Blog

Jeremy Rotter 5/22/19 Jeremy Rotter 5/22/19

2024 Data + AI Summit Recap

Yellow Shark Labs recap of the 2024 Databricks Data + AI Summit.

by Jeremy

Yellow Shark Labs was in San Francisco last week at Databricks’ Data + AI Summit! Here’s our recap of the conference.

Training

I kicked off my week on Monday with deep-dive training sessions on Delta Live Tables and Unity Catalog and learned a ton about ETL, data quality, and data governance in the Databricks ecosystem.

The combination of these two topics drove home the fact that Databricks is a platform, not just a tool. If you build ETL pipelines with a tool, you have ETL pipelines. If you want monitoring or quality checks or governance, you almost have to start from scratch and build those separately. If you build ETL within a platform, it creates a foundation for those deeper layers, allowing you to more easily iterate and grow maturity in your data systems.

Hackathon

Mark chose a more hands-on approach for Monday, entering Databricks’ GenAI hackathon, where he teamed up with Aman Sehgal and Anvesh Bethu to compete against 55 other teams in the 6-hour, 220+ person event.

Using a Databricks Notebook, the team focused on an open-source prescription claims dataset from the Databricks Marketplace, building an effective medication list for the represented patients. They then enriched this dataset using the RxNorm terminology to ensure standardized medication naming.

Next, leveraging Databricks Model Serving and their GenAI SDK, Mark and team sourced unstructured Drug-Drug Interaction (DDI) information and converted it into knowledge triples: perpetrator drug, impact, and victim drug. This structured interaction data was then applied to each patient’s effective medication list.

Finally, with the identified interactions, they used Model Serving to generate clear, actionable statements for healthcare providers and patients. This allowed them to highlight potential risks and suggest alternatives or precautions in a scalable manner.

While Mark has worked with similar concepts before, this project was unique in that it utilized technology capable of scaling these processes and integrating diverse data sources effectively. This kind of solution could make a tangible difference in healthcare, for patients, providers, and payers.

The judges certainly agreed, as “Medication Regimen Optimization Using LLMs” was awarded the $10,000 first prize! Mark became a minor celebrity at the conference, being recognized for his exploits, and later appearing with his team on the “Live From the Lakehouse” show on the conference expo floor.

Breakout Sessions

The conference’s 500+ breakout sessions began on Tuesday. Between us, Mark and I attended over 30 - with topics ranging from data architecture, data processing, analytics, data quality, data governance, process, and AI, AI, AI, there was plenty to choose from. Simon Whiteley’s lightning talk on the Medallion architecture was definitely a favorite. (Here’s a similar presentation.)

While we both took in a heavy dose of Databricks fundamentals, I ultimately gravitated toward DevOps and (to no one’s surprise) quality topics, like developer tooling, test methodologies, and test tooling. Mark leaned toward architecture and generative AI topics.

Keynote

Wednesday’s keynote brought the announcement that all Databricks services will soon be available serverless. Given prior concerns we’ve encountered from potential customers about resource and personnel costs to manage Databricks infrastructure, we think this is going to be a gamechanger in reducing the barrier to entry and total cost of ownership for the Databricks ecosystem.
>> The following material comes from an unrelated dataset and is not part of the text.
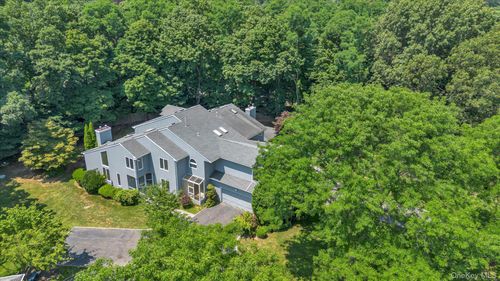 2 Heiko Ct, Northport, NY, 11768-3524 | Card Image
Also at the keynote, the live demo of the Mosaic AI Gateway by “Cookie Lady” Kasey Uhlenhuth was another reminder of how quickly generative AI is evolving and the amazing use cases Databricks is helping to enable. Shutterstock also jumped out here as a company who is really drawing energy from the “flywheel” of unstructured data at their disposal.

Vendors

With its swag and excitement, we spent a good bit of time talking to vendors in the expo hall at the conference. Soda and dbt were known entities coming in and are still Yellow Shark favorites. O’Reilly was there - stopping by their booth was like visiting an old friend. One of my highlights of the conference was getting a copy of “Fundamentals of Data Engineering,” a Yellow Shark staple, signed by co-author Matt Housley.
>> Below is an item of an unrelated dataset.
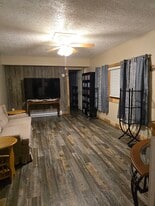 1448 Jacksboro Rd in Bronston, KY - Building Photo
As for new discoveries, I was excited about Datafold, as their data validation product parallels some of my current efforts. And Yellow Shark loves Prophecy! Their AI-powered ETL copilot tooling can offer two intriguing benefits to clients: they are an accelerator for pipeline development and they de-skill pipeline management and maintenance, reducing the total cost to build and own production data systems.

Final Thoughts

All in all, it was a great week for us. By Thursday, I felt like my brain was full – it was an intensive and productive four days of learning and connecting, all while fully immersed in the world of data and artificial intelligence.

Special thanks to Databricks for their help and encouragement in getting us there. We’re already looking forward to next year!